The long and short of it is: Those who said 'no fly' were and are wrong, for precisely the reasons the rest of us said they were. Nanner, nanner.

>>>So why did the problem statement specify a conveyor "as long as a runway."? It was obviously allowing for the possibility that the plane would move forward no matter how fast speed the conveyor runs.

Methinks you're reading too much into that. It was specified to be "as wide and long as a runway" to make sure the length of the belt didn't artificially limit the experiment.

The long and short of it is: Those who said 'no fly' were and are wrong, for precisely the reasons the rest of us said they were.
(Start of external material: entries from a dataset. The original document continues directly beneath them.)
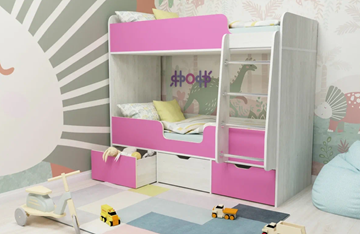 Детская 2-этажная кровать Малыш двойняшка 70х160, корпус Винтерберг, фасад Розовый в Архангельске - предосмотр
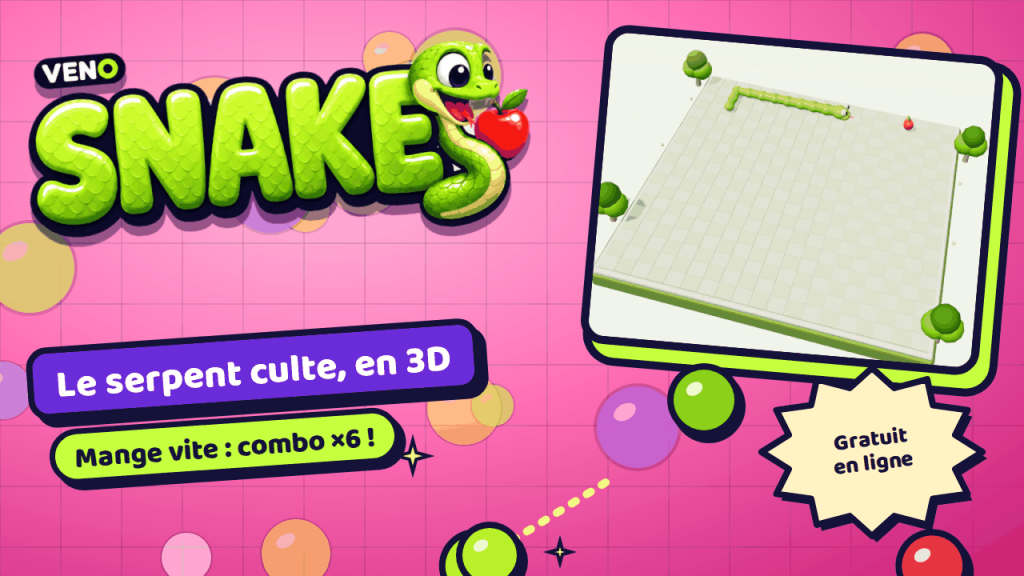 Plateau classique de VENO Snake en 3D avec un long serpent et une pomme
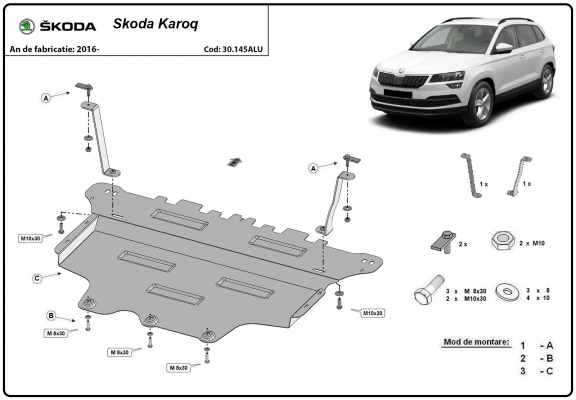 Hliníkový kryt pod motor Skoda Karoq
Nanner, nanner.

>>>Turn this around. You are flying in a plane, jet or prop. Place the wheels down on a conveyor belt. Is there any circumstance, ever (in theory -- catastrophic failure of wheels and resulting mess or other practical considerations), in which the movement of the belt in any way would reduce (or increase) the speed of the plane.
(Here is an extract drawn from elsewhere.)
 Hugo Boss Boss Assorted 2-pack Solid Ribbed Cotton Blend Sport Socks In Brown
Say you are landing a plane in still air with an airspeed (and thus groundspeed (still air)) of 100 mph. You touch down on a conveyor belt moving backward at 50 mph. Assuming you don't hit the breaks, except for a slight slowing due to friction in your wheel bearings, you'll have a speed relative to the air and ground around the belt of 100 mph until you start decelerating. The instant you touch down, your wheels will start spinning 50% faster than your groundspeed would suggest they should.

@Anonymous #88:

>>The problem states that the conveyor belt matches the speed of the wheels, only in reverse. It doesn't say whether this is practical, it just states it. Since the wheels can't move forward, and the wheels are attached to the plane, then the plane can't move forward. If the plane can't move forward, then it can't take off. I don't know of any plane that can take off with zero forward movement. If there is one, then for that specific plane the answer is the "The plane takes off". For all other planes, which I believe is all of them, the answer is "The plane does not take off".

The wheels /can/ move forward. They are free-wheeling. They move as fast as the difference between the backward motion of the treadmill and the forward motion of the plane.

You are on the wrong side of this argument.

@72-Noen:

>>>Case closed

Well geez, that settles it then. Someone with no grasp of the mechanics and physics of what's going on has declared the debate over. LOL.

Once again, what does the wheels' interaction with the treadmill have to do with how fast it is moving in relation to the ground and/or the air? The answer is nothing. The wheels spin freely and do not impede the aircraft's forward motion through the air.

Dangerous, the original question (as I found it) was posed thusly:

“Imagine a plane is sitting on a massive conveyor belt, as wide and as long as a runway. The conveyer belt is designed to exactly match the speed of the wheels, moving in the opposite direction. Can the plane take off?"

The belt matches the speed of the wheels. This makes sense as long as they are in contact with each other. The real question is: What do the wheels have to do with how fast the plane is moving through the air? The answer is: precisely nothing.

>>>reminiscent of "what do rockets push against in a vacuum?"

Nothing. But that's not how rockets work (by pushing against something). It is simple Newtonian physics (mass ejected from the back of the rocket * the mass' velocity) causes an equal but opposite reaction from the rocket.

But we digress...

>>>If the aircraft has any airspeed at all, this becomes nonsensical because the spinning of the wheels *cannot* be the same as the movement rate of the conveyor belt.

As long as the wheels are in contact with the belt, their speed will be /exactly/ that of the belt. You can speed the belt up as much as you like and the negligible friction in the wheel bearings won't really slow the plane down with respect to the airmass it is moving through.

Guysmiley is correct. Some friends and I have debated this over and over on another (aviation-related) board. The airplane will take off and its wheels will be rotating at slightly less than twice their normal speed. Its groundspeed will also be slightly slower than normal (owing to friction). Bonzo - if you put the plane on a treadmill with engine off, it will move with the treadmill because there is just enough friction for that to happen. You could literally hold the airplane still with one hand though, and in that case its wheels would spin.